I have White Coat Syndrome.
Those who share my diagnosis know that when one has this affliction, they are prone to behave inappropriately in medical institutions and around medical personnel. This syndrome does not generally effect my day to day life, however, having received the diagnoses, I try even harder to compensate for it with a keen sense of awareness and attention to detail in medical situations. Unfortunately, this strategy is not always helpful.
Those who do not suffer from this syndrome, cannot possible imagine the anxiety induced by the barrage of questions one is bombarded with the instant they require medical help.
“Describe the pain, is it a burning pain or a sharp, stabbing pain?” Short of being stabbed or burnt, how is one to answer that question? And, should you venture a guess, what if you’re wrong, and the pain you feel is burning not sharp (or the other way around)? Such potential for misdiagnosis!
“Describe your symptoms?” Well, how much detail does one include? What if you leave out small embarrassing pieces of information, thinking they are irrelevant, but really they are the hinge your diagnosis turns upon? What if you share too many of these potentially pertinent details, and face an awkward silence, followed by a very insincere, “Thank you.”
While I thought the pressure was intense when advocating only for myself, it is nothing compared to trying to describe the afflictions of my children. Now I face situations such as: most childhood rashes are inconsequential and need not be treated.

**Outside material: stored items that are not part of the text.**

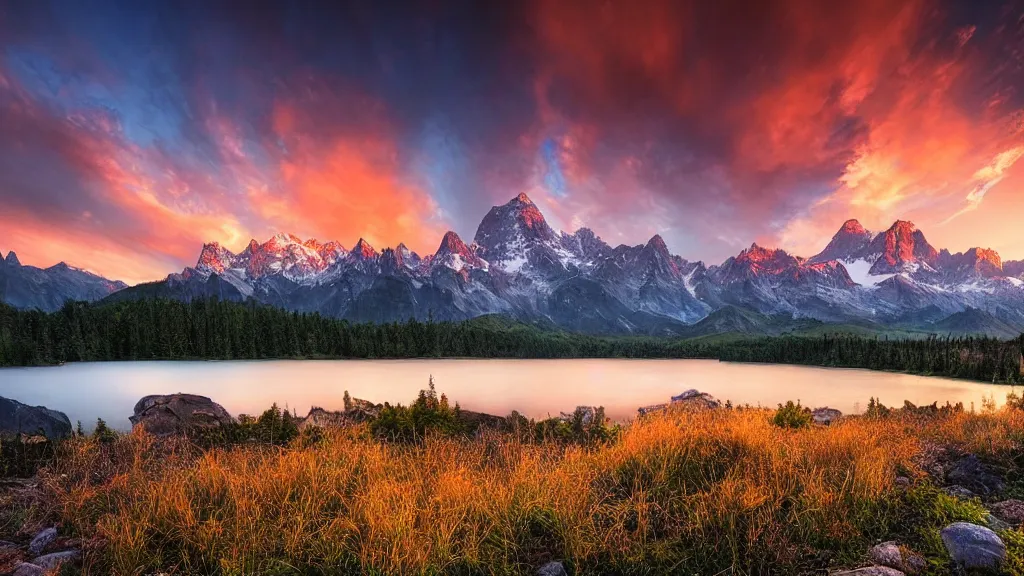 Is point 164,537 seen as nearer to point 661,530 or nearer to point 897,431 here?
point 661,530

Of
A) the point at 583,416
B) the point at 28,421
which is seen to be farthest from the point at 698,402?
the point at 28,421

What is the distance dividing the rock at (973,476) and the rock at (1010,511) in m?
1.69

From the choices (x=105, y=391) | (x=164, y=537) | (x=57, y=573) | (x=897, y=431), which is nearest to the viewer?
(x=57, y=573)

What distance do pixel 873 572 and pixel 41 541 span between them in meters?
12.6

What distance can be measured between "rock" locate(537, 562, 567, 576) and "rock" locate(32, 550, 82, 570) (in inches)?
266

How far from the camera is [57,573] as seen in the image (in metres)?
5.81

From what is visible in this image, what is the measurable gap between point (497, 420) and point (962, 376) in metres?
162

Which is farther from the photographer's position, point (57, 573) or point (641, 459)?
point (641, 459)

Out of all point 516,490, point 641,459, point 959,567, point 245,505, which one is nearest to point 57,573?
point 245,505

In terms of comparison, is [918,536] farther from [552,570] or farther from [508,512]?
[508,512]

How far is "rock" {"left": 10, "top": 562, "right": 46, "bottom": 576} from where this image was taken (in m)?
6.06

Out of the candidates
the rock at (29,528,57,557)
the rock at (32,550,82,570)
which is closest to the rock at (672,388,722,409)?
the rock at (32,550,82,570)

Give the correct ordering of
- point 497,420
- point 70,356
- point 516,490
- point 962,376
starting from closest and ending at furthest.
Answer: point 516,490, point 497,420, point 962,376, point 70,356

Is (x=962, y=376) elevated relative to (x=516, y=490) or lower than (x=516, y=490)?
lower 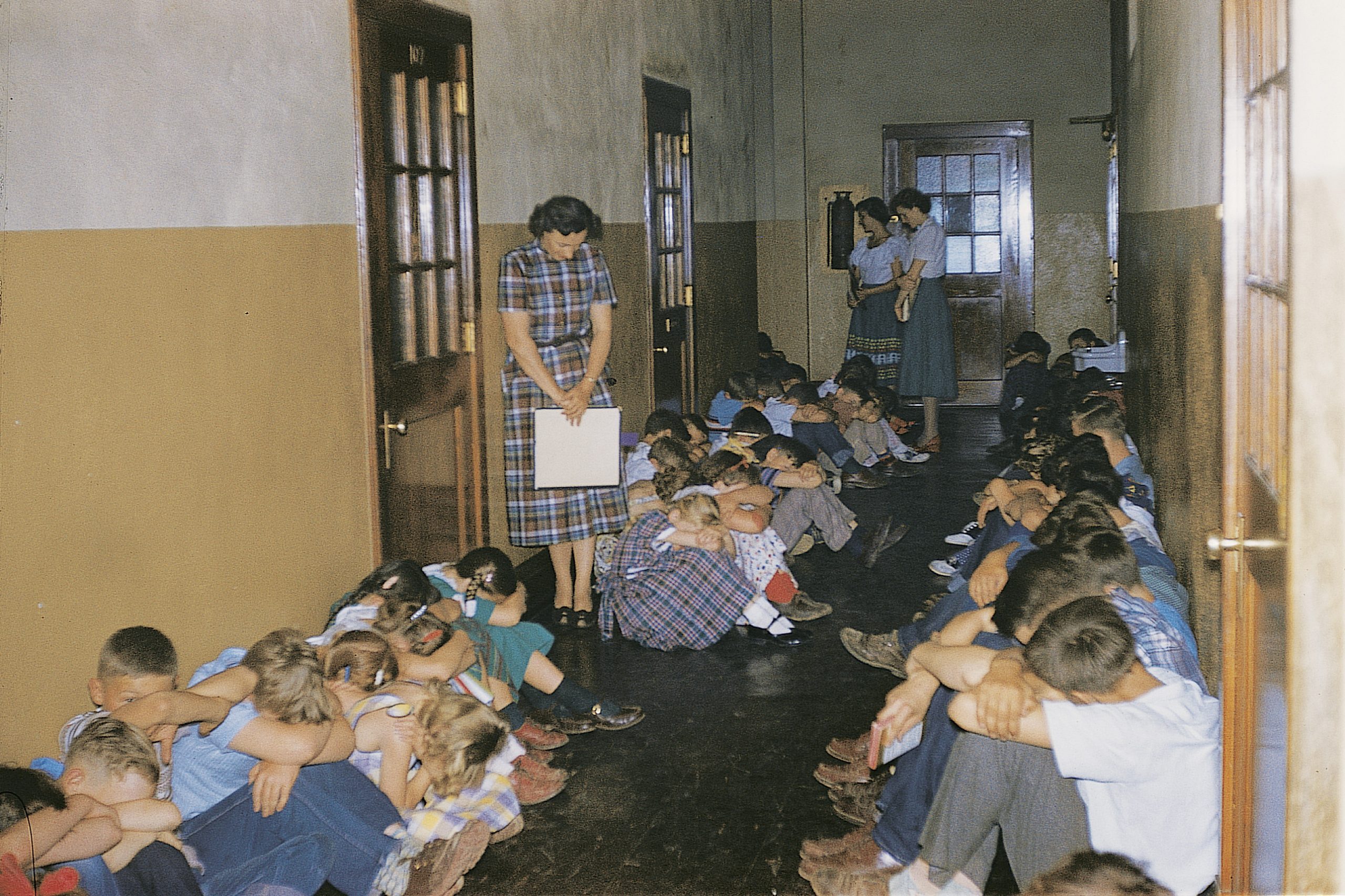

However, in the case they look like this, or develop into this, it could be symptomatic of something much more serious and you should seek medical attention immediately. In what can only be a terrible coincidence, most of my children’s rashes have elements of the benign and elements of the serious. What is one to do then?
My sister, Eleanor, is an experienced nurse, and over the years has graciously attempted to navigate this potential minefield with me. She has responded kindly to many pictures of cuts (do they need stitches?), rashes (serious or not?), and bodily excretions (what?!?!) Undeterred, she has answered phone calls and listened to descriptions of a wide range of symptoms, and no matter how embarrassing, has remained calm, helpful, and non-judgemental.
This same sister, held my hand through three of my four labours, calmly assuring me all was well and as it should be, and loving my baby when I couldn’t the time it was not. She has endured me at my most symptomatic, and loves me still.
Yet, you can imagine my surprise when months prior to the birth of her first child, she asked if I was willing to be present at his birth. This same woman who diagnosed me, was inviting me into her hospital room on the most momentous day of her life! Having been there for me and my younger sister, Kendra, she wanted us to be there for her. A united sisterhood welcoming new life. I was elated!
Ok, and honestly, though I know my experience counted for something (four kids!), I couldn’t help but wonder if it was Kendra she wanted there and being compassionate, didn’t want me to feel left out. Really though, do the why’s matter? I was going to be a labour coach!
The night before heading to the hospital, Kendra and I whispered and giggled well into the night in Eleanor’s spare room. We anticipated what was to come, and re-lived our own experiences. It may have been more prudent to arm ourselves with a good night’s sleep knowing what was in store for us, but no one has ever accused us of prudence.
Morning came shockingly early, and after giving Eleanor and Wade a head start to check in at the hospital, Kendra and I followed. We talked seriously about how this day was about Eleanor and not us. We were there to assist her, as she was always the first to drop everything for a friend or family member in need, and this was a time for us to be helpful and mature. It was not about us, it was about her.
Our discussion meandered to the frustration we had both experienced when our husbands seemed more interested in trying the laughing gas or incessant snacking rather than focusing on us, and we were determined the spotlight would remain on Eleanor. And Wade. This was their day. We would endeavour to support quietly when needed, but remain in the background.